High court to decide whether to overturn judge that ruled in Gov. Jim Gibbon’s favor


Cathleen Allison / Nevada Appeal / File photo

Gov. Jim Gibbons demonstrates how he text messages with his thumbs in a meeting in summer 2008 with the Nevada press corps.

Sun Coverage

CARSON CITY – Gov. Jim Gibbons believes that traffic through his state-issued e-mail account is not public.

And he maintains that he should not be required to reveal a list of the names, dates and a brief subject of these e-mail messages.

But the Reno Newspapers says this traffic on the state-issue e-mail account is subject to the Nevada’s Open Records law.

The Nevada Supreme Court hears arguments Monday whether to overturn the decision of District Judge Todd Russell who sided with the governor.

Scott A. Glogovac, attorney for the Reno Gazette-Journal, says the decision by Judge Russell means “nothing needs to be provided to the citizen” and the ruling must be reversed.

In June 2008, Anjeanette Damon, the political reporter for the Gazette Journal, submitted a request to the governor’s office to make public the e-mail communications between Gibbons and 10 persons for the period before January and June in 2008.

Gibbons refused. And Damon then asked that a list be supplied of the names, dates and content of the e-mail messages. The governor’s office refused.

The newspaper filed suit. Judge Russell reviewed the 110 e-mail messages in his office. He said six could be released but the rest could not. And he rejected the request for the governor to provide the names, dates and a brief description of the content.

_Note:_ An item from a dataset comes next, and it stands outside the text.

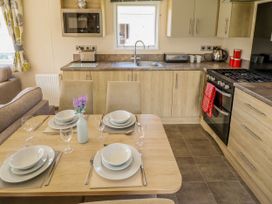 A kitchen and dining area with set table and appliances at The Meadows 45 in Tattershall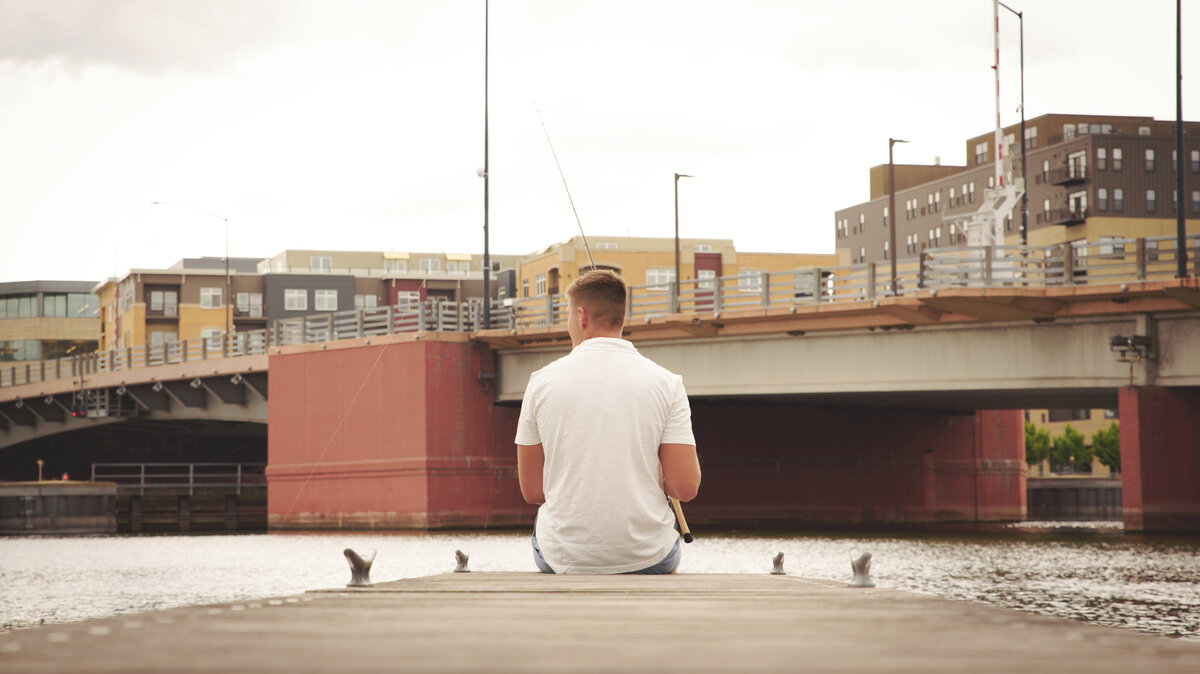 De Pere High School senior boy wearing blue shorts and a cream hooded sweatshirt sitting on dock by The Depot in Downtown Green Bay, Wisconsin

The request included messages between the governor and Kathy Karrasch, who accompanied Gibbons to the recent governors’ conference in Washington D.C. And the newspaper wanted to see the messages between Gibbons and Dawn Gibbons, who are being divorced.

James Spencer, chief of staff for the state Attorney General’s Office, is representing Gibbons and he says an e-mail kept on a state computer “which is personal or which does not facilitate public access to vital governmental activities is not a ‘public record’ within the meaning of the law.”

In his pre-hearing brief, Spencer the “Public Records Act only applies to public records. Materials that are personal in nature, or that do not concern the public business are not subject to a public records request.”

But Scott Glogovac, the attorney representing the newspaper, says it was wrongfully denied a chance to sit in with the judge in examining whether these messages were confidential or privileged.

Glogovac says, “Due process in a public records lawsuit must be afforded to the citizen who filed the action, such that the citizen can submit meaningful arguments to the court regarding the accessibility of the records in question.”

The citizen, says Glogovac, must be provided a log of the messages to determine if the trafficking has been properly denied by the judge.

He argues it was “clear error” for Judge Russell to rule the e-mails were confidential.

Glogovac is asking the Supreme Court to send the case back to Judge Russell and ordering the judge to provide the newspaper with an index of the e-mail traffic.

Besides asking for the e-mail messages involving Karrasch and Dawn Gibbons, the newspaper requested any message traffic between the governor and Leslie Durant, Warren Trepp, Howard Weiss, Joe Martin, Perry DiLoreto, Diane Cornwall and Mike Dayton.

The governor’s office says there were no e-mail communications with Karrasch, Durant, Trepp, Weiss and Joe Martin. But the newspaper has no way of verifying that since it cannot get a log of the e-mail trafficking.